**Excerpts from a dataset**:

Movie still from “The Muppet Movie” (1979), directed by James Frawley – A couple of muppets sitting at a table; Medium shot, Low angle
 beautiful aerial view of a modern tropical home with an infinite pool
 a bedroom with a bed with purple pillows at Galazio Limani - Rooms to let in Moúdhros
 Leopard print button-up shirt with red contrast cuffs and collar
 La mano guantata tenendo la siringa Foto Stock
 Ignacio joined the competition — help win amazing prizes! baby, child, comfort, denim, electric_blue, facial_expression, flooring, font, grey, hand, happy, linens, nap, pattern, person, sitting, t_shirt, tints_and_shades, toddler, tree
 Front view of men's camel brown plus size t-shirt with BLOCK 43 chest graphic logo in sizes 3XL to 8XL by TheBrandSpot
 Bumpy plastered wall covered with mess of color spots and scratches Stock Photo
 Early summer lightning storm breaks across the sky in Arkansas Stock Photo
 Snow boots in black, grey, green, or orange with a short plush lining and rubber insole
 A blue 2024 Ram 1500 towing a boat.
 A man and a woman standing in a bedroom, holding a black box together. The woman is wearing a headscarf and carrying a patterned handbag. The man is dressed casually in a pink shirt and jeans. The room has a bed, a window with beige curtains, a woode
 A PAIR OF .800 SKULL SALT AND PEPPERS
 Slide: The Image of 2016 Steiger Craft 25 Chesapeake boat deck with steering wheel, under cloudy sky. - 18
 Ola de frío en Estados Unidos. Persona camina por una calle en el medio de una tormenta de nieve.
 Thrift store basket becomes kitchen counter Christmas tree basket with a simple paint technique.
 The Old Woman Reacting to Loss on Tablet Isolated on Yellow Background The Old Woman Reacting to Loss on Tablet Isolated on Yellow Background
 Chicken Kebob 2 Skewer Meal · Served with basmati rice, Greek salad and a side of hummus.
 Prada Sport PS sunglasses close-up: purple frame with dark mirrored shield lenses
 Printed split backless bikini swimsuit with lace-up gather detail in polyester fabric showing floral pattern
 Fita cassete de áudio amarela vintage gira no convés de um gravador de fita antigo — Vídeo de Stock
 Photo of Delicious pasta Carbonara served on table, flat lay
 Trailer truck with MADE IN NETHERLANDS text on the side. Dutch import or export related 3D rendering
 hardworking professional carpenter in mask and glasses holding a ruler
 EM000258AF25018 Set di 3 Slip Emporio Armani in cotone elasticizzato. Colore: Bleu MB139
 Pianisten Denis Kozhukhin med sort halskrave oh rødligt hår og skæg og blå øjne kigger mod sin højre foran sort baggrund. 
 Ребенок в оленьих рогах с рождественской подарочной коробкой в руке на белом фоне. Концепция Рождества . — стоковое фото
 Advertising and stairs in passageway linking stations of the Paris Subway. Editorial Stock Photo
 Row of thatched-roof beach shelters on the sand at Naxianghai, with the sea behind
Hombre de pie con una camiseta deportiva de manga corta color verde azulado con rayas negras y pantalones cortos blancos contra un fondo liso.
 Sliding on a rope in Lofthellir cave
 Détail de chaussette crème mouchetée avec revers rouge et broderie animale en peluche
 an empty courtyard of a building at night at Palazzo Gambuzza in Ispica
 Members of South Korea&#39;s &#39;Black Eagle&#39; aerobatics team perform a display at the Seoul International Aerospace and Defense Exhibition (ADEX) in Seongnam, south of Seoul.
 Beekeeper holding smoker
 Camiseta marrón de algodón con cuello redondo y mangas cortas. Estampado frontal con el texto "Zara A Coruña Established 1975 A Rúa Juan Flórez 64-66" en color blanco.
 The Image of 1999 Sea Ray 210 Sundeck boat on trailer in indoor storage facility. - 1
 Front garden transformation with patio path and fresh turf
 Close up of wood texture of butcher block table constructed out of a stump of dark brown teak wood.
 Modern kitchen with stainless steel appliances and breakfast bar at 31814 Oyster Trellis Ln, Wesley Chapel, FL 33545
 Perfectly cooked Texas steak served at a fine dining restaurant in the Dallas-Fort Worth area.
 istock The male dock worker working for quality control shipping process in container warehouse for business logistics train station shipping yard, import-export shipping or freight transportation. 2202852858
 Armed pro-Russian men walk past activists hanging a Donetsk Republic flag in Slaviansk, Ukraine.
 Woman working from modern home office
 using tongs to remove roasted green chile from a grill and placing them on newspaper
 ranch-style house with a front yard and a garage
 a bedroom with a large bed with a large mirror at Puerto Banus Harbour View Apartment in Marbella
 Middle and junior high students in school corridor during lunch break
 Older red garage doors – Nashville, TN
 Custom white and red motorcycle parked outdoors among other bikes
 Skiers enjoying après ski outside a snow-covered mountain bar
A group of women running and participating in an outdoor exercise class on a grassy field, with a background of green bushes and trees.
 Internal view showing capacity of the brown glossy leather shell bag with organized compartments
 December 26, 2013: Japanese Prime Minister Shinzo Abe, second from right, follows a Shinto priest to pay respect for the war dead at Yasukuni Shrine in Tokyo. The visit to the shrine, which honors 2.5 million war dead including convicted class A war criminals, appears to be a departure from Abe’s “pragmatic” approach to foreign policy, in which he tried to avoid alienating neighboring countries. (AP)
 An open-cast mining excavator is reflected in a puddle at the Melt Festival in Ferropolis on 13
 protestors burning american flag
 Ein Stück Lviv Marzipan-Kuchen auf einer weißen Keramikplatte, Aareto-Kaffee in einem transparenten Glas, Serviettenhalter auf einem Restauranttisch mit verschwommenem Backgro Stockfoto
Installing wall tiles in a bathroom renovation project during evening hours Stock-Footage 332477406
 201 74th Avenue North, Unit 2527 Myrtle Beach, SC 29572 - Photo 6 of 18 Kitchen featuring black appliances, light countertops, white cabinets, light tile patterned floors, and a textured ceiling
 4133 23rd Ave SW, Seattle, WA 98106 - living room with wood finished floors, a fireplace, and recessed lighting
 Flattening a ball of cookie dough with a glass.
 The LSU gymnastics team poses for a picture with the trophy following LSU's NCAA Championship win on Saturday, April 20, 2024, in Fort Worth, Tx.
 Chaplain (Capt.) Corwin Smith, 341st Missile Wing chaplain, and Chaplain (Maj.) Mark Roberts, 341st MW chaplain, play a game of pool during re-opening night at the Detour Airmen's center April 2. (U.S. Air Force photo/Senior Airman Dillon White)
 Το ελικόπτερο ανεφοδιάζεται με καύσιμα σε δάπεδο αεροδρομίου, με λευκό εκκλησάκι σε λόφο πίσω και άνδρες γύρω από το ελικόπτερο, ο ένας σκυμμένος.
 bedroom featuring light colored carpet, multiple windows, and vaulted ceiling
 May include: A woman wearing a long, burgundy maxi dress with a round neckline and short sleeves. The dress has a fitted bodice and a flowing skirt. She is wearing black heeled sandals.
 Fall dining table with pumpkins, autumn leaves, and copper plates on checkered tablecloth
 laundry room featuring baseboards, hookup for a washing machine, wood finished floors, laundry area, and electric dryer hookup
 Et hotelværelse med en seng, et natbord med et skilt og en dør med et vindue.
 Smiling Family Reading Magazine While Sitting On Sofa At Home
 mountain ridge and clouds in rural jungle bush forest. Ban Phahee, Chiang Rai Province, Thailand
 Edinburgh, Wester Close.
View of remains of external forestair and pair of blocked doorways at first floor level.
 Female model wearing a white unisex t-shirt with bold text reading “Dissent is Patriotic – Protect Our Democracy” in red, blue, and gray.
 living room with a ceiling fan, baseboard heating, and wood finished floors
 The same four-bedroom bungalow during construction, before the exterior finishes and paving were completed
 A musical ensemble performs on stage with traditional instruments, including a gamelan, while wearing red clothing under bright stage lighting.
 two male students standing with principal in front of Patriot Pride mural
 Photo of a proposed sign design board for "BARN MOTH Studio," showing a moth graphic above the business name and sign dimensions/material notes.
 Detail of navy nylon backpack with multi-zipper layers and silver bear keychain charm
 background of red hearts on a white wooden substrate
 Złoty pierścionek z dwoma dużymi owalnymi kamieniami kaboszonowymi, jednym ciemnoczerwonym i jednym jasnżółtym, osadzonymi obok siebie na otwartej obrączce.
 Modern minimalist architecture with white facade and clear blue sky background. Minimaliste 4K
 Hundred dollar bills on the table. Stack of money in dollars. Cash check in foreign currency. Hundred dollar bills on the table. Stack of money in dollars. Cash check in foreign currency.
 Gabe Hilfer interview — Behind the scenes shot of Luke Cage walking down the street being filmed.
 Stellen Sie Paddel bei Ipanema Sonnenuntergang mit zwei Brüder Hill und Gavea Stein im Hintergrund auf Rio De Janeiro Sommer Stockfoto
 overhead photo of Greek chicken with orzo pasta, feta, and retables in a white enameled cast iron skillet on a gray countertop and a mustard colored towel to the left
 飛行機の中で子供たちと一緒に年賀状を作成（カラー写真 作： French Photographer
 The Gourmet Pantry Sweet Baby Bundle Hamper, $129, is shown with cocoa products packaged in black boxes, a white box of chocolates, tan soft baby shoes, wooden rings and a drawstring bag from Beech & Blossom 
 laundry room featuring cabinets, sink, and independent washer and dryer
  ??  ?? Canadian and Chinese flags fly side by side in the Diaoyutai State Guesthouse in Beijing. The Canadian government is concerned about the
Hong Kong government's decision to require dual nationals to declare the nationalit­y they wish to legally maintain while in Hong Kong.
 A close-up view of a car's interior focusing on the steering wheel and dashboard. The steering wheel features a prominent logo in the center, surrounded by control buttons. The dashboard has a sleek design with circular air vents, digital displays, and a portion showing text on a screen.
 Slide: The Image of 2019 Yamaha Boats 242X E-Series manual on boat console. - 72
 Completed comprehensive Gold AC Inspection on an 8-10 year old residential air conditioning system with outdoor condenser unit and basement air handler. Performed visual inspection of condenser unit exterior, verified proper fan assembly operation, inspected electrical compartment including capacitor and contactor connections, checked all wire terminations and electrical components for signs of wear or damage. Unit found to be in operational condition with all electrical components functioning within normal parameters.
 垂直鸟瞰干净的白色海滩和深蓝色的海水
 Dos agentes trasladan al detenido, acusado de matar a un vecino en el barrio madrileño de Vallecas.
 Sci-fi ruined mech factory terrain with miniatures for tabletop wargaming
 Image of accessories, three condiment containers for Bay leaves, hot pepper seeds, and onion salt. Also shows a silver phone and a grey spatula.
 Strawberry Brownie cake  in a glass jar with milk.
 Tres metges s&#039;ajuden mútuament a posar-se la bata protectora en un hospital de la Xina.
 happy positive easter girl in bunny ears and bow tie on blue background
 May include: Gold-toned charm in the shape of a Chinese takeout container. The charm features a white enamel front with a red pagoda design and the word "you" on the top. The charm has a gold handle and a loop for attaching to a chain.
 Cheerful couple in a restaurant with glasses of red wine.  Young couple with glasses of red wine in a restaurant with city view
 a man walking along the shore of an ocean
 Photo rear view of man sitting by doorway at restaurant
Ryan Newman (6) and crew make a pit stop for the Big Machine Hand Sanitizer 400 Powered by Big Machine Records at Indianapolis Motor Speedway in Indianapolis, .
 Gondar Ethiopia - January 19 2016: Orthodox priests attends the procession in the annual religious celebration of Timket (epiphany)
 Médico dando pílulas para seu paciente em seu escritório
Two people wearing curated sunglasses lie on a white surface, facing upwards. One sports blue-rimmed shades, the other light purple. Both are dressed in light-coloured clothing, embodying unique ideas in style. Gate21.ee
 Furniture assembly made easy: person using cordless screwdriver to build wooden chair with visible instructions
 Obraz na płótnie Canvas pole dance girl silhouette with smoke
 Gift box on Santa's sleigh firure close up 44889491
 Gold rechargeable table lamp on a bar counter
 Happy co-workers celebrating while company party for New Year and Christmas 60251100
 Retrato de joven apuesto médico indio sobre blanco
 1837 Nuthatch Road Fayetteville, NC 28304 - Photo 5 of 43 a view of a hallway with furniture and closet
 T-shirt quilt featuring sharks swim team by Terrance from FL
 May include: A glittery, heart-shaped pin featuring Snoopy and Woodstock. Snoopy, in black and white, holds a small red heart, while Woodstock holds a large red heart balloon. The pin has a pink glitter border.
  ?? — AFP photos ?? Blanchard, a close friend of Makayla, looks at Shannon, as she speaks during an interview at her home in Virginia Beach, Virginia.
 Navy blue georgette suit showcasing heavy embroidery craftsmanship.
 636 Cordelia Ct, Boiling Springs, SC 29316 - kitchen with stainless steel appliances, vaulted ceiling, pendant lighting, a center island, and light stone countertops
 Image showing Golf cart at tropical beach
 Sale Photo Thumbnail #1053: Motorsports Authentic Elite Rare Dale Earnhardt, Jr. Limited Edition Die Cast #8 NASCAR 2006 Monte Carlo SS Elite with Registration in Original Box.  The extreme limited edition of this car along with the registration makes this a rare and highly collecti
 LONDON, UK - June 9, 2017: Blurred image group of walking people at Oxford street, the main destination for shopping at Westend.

**PROBLEM TO WORK ON**: Would you retype the lines above from the one with "two male students" down to the one with "Hong Kong government's", word for word, both ends included and no other lines?

**WRITTEN REPLY**:
 two male students standing with principal in front of Patriot Pride mural
 Photo of a proposed sign design board for "BARN MOTH Studio," showing a moth graphic above the business name and sign dimensions/material notes.
 Detail of navy nylon backpack with multi-zipper layers and silver bear keychain charm
 background of red hearts on a white wooden substrate
 Złoty pierścionek z dwoma dużymi owalnymi kamieniami kaboszonowymi, jednym ciemnoczerwonym i jednym jasnżółtym, osadzonymi obok siebie na otwartej obrączce.
 Modern minimalist architecture with white facade and clear blue sky background. Minimaliste 4K
 Hundred dollar bills on the table. Stack of money in dollars. Cash check in foreign currency. Hundred dollar bills on the table. Stack of money in dollars. Cash check in foreign currency.
 Gabe Hilfer interview — Behind the scenes shot of Luke Cage walking down the street being filmed.
 Stellen Sie Paddel bei Ipanema Sonnenuntergang mit zwei Brüder Hill und Gavea Stein im Hintergrund auf Rio De Janeiro Sommer Stockfoto
 overhead photo of Greek chicken with orzo pasta, feta, and retables in a white enameled cast iron skillet on a gray countertop and a mustard colored towel to the left
 飛行機の中で子供たちと一緒に年賀状を作成（カラー写真 作： French Photographer
 The Gourmet Pantry Sweet Baby Bundle Hamper, $129, is shown with cocoa products packaged in black boxes, a white box of chocolates, tan soft baby shoes, wooden rings and a drawstring bag from Beech & Blossom 
 laundry room featuring cabinets, sink, and independent washer and dryer
  ??  ?? Canadian and Chinese flags fly side by side in the Diaoyutai State Guesthouse in Beijing. The Canadian government is concerned about the
Hong Kong government's decision to require dual nationals to declare the nationalit­y they wish to legally maintain while in Hong Kong.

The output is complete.